A pragmatic trial using the “cohort multiple randomised controlled trial” design was used to test the effectiveness of adjunctive treatment by homeopaths compared to usual care alone, over a period of 12 months in patients with self-reported depression. One third of patients were randomly selected for an offer of treatment provided by a homeopath. The primary outcome measure was the Patient Health Questionnaire (PHQ-9) at 6 months. Secondary outcomes included depression scores at 12 months; and the Generalised Anxiety Disorder (GAD-7) outcome at 6 and 12 months.

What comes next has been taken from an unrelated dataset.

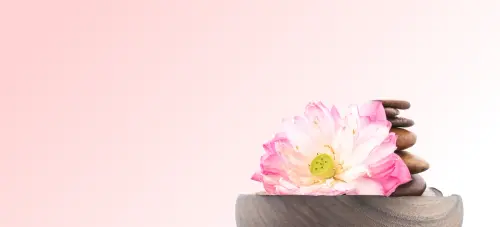05.webp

The trial over-recruited by 17% with a total of 566 patients. Forty percent took up the offer and received treatment. An intention-to-treat analysis of the offer group at 6 months reported a 1.4-point lower mean depression score than the no offer group (95% CI 0.2, 2.5, p = 0.019), with a small standardized treatment effect size (d = 0.30). Using instrumental variables analysis, a moderate treatment effect size in favour of those treated was found (d = 0.57) with a between group difference of 2.6 points (95% CI 0.5, 4.7, p = 0.018). Results were maintained at 12 months. Secondary analyses showed similar results. Similar results were found for anxiety (GAD-7). No evidence suggested any important risk involved with the intervention.
This trial provides preliminary support for both the acceptability and the effectiveness of treatment by a homeopath for patients with self-reported depression. Our results provide support for further pragmatic research to provide more precise estimates of treatment effect.
ISRCTN registry, ISRCTN02484593. Registered on 7 January 2013.